This is a transcript of a QuickTime movie (82.5 MB) recorded in the Pilbara in 2005. Dr Martin Van Kranendonk, a geologist with the Geological Survey of Western Australia, describes the importance of the Strelley Pool Chert in relation to probable evidence of life 3.4 billion years ago.


No sampling from this locality and please be as careful as possible. We hope that nobody will actually walk on the outcrops for obvious reasons. They can get damaged so just take a bit of care around.

I guess on behalf of the entire astrobiology community I'd like to welcome you to the Trendall locality. This is our baby. We've known about it for a while now and we've had a lot of people looking at these rocks now for a long time. It's a nice place to come and do geology for a number of reasons, a great camping spot and good rocks.

So, this is part of the unit called the Strelley Pool Chert. It’s a very nice exposure because it has a big area here, and as Abby [Allwood] has now found, along the ridge in both directions [it comprises] primary carbonate. And when I say primary I mean that it hasn’t been so completely overprinted by silica. The silica all occurs down in that lower part of the outcropping that is all white and hard.

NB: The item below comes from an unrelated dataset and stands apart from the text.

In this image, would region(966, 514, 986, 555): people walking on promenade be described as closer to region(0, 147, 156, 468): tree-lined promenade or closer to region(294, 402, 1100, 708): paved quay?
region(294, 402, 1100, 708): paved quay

But this is an area that has escaped largely that silicification process. And it has all these beautiful structures in it that people have come to look at and ooh and aah over and we’re talking about here. And as I’ve said before these rocks are about 3.4 billion years old and they sit in this tilted cross-sectional view that’s popped in that direction. And the rocks underneath that make up that hillside you can see are very strongly foliated. They’re very platey, schisty fabric, they’re composed of a metamorphic mineral called pyrophylite and they are derived from pillow basalts and they’ve been so extensively hydrothermally altered that there is almost no original material left but locally you can still see those ocelli.

Remember at Marble Bar pool we saw those round vitrification structures, you could still see ocelli in them, so we know they are derived from high magnesium basalts that have gone through a lot of metamorphosis. And that foliation comes up to the base of the Strelley Pool Chert and stops.

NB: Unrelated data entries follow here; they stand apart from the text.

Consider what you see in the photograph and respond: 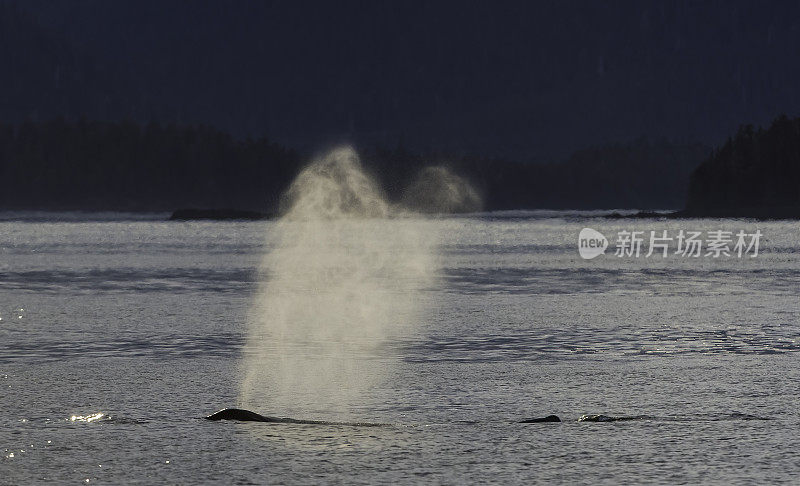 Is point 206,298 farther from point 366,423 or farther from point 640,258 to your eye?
point 640,258

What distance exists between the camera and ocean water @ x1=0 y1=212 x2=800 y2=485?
48.2 ft

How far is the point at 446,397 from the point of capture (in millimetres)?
19688

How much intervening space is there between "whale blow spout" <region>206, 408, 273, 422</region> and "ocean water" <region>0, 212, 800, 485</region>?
1.51 ft

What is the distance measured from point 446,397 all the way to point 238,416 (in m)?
3.57

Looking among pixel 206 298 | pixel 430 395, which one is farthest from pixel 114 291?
pixel 430 395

These rocks don’t have any penetrative fabric and then the pillow basalts that overly it also have no penetrative fabric and we regard that as marking a major time gap in geology, where the lower rocks have experienced a phase of deformation and squeezing and heating that these rocks have not experienced. And that fits with the time gap I told you about before.

The Strelley Pool here has three main components. At this locality is a very thin boulder conglomerate at the base and you can see the boulders just down below. And then this unit up through here [consists] of the layered carbonate rocks; and then toward the top you have coarse boulder conglomerates and sandstones and sediments again. And that’s shown in this geological map which is in your guidebook and we’re standing right here in the brown and dark purple units and all the flecks are just representations of these coniform structures.

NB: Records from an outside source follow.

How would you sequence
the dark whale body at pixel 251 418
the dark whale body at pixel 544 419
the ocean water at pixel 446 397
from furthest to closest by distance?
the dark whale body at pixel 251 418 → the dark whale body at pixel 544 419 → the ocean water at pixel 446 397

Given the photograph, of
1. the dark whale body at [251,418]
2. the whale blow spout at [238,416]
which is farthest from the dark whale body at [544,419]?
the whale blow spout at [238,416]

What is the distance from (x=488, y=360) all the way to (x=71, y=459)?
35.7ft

I mapped this outcrop at one meter scale again right up to about where Roger and the others are standing to try and get an idea of the distribution of these coniform structures through space. And it’s fun to look at a lot of the different structures and this at least gives you a reference to see how things are put together. So you can use that and you can ask me questions about it.

We have a lot of different types of shapes here. The most common of course is the more sharply flexed coniform structures, so these kinds of examples here with the sharp crest and individual laminae that you can see passing over the crests into the flat parts around. And then there are ones that have slightly more rounded features that go back into a sharp cone. When you look around you’ll see that those cones start at one horizon and persist up through the stratigraphic record for quite a way. Then another will start at a different level and another one at a different level. There’s no sort of common individual bed or plane where they start up from.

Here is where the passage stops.